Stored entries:
***
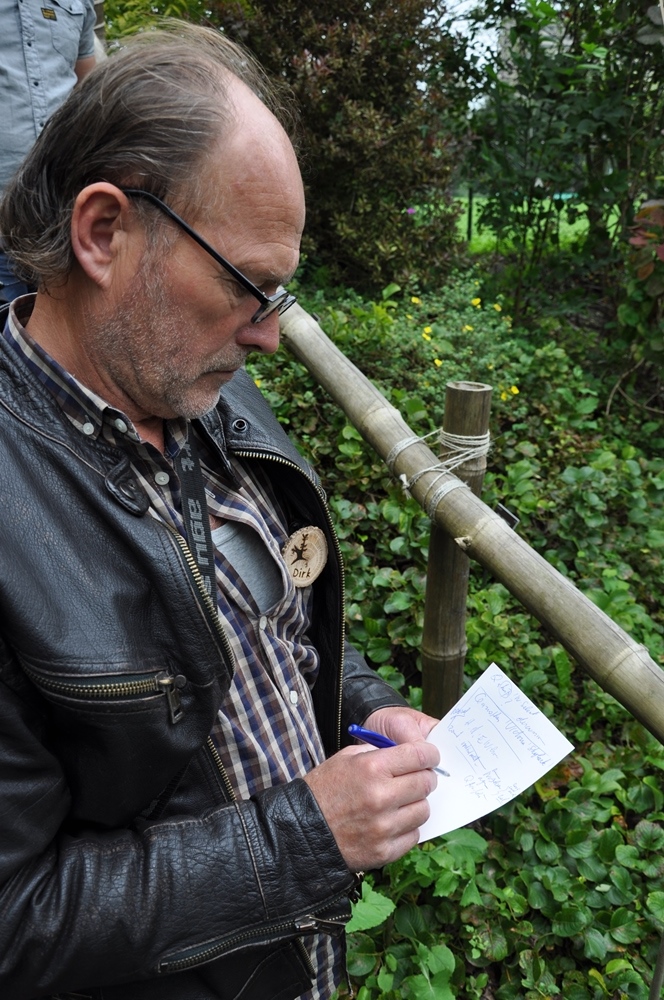 Dirk Benoit takes notes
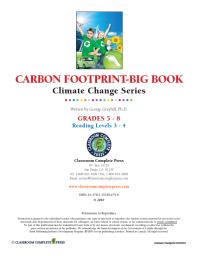 Carbon Footprint Big Book Gr. 5-8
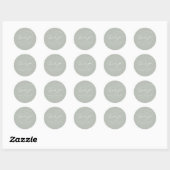 Elegante Charm Groene Bruiloft Dank u Stickers (Vel)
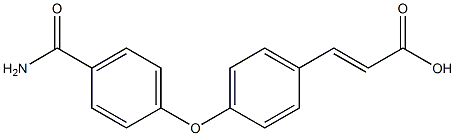 3-[4-(4-carbamoylphenoxy)phenyl]prop-2-enoic acid 结构式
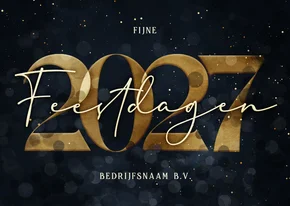 Stijlvolle zakelijke kerstkaart gouden 2027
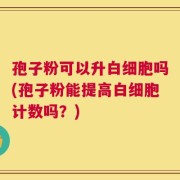 孢子粉可以升白细胞吗(孢子粉能提高白细胞计数吗？)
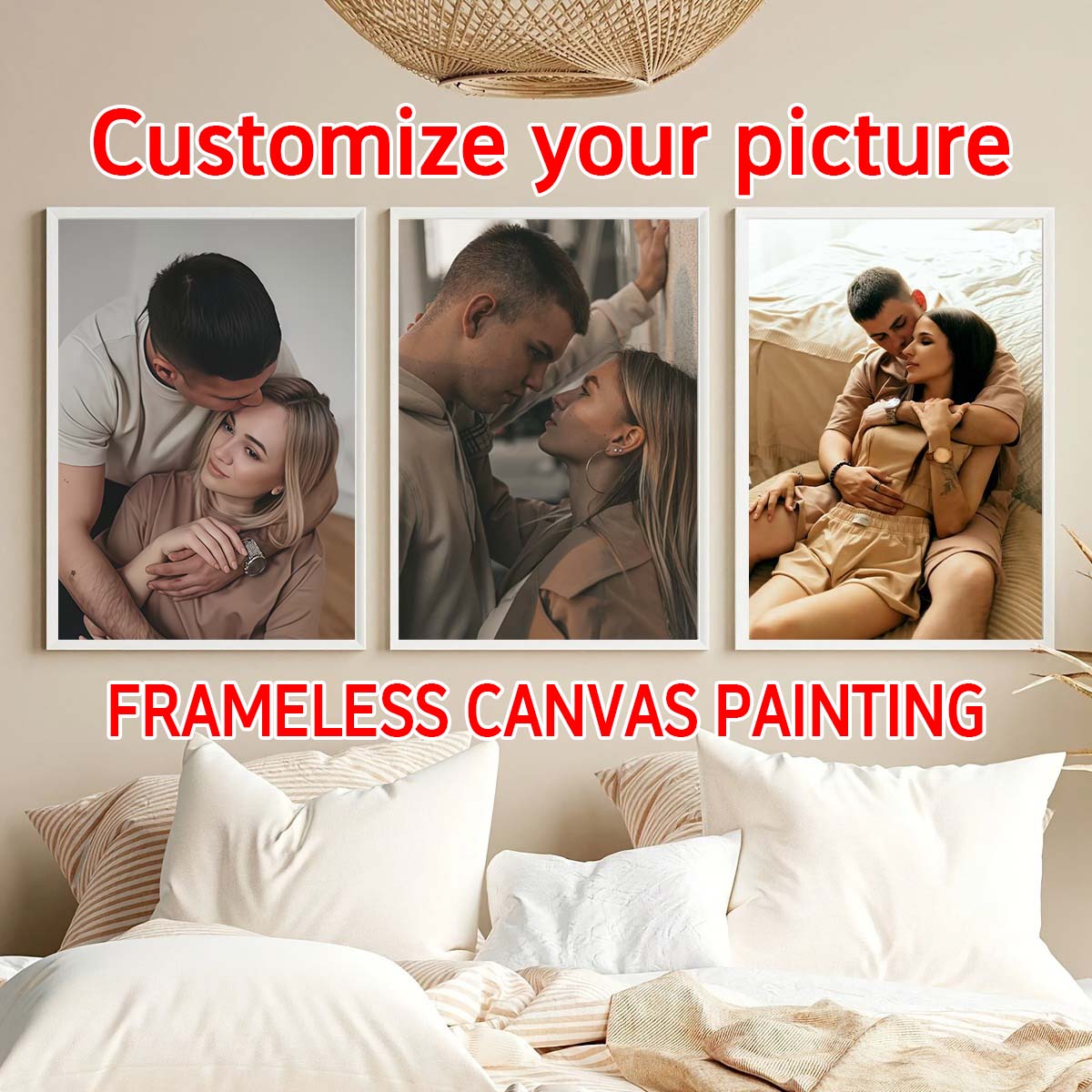 Triptych - 2D Custom Photo Woo - огляд і ціна Home Textiles & Furnishings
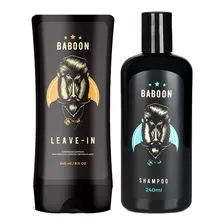 Leave-in Baboon 240ml Creme Cabelo + Shampoo Cabelo E Barba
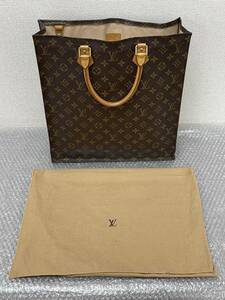 LOUIS VUITTON/ルイヴィトン/モノグラム /サックプラ/ハンド/トートバッグ/レザー/ビジネス/ブラウン系/0325e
***
Without the pictures, return the records above exactly as given.

**Output for this task**
 Dirk Benoit takes notes
 Carbon Footprint Big Book Gr. 5-8
 Elegante Charm Groene Bruiloft Dank u Stickers (Vel)
 3-[4-(4-carbamoylphenoxy)phenyl]prop-2-enoic acid 结构式
 Stijlvolle zakelijke kerstkaart gouden 2027
 孢子粉可以升白细胞吗(孢子粉能提高白细胞计数吗？)
 Triptych - 2D Custom Photo Woo - огляд і ціна Home Textiles & Furnishings
 Leave-in Baboon 240ml Creme Cabelo + Shampoo Cabelo E Barba
 LOUIS VUITTON/ルイヴィトン/モノグラム /サックプラ/ハンド/トートバッグ/レザー/ビジネス/ブラウン系/0325e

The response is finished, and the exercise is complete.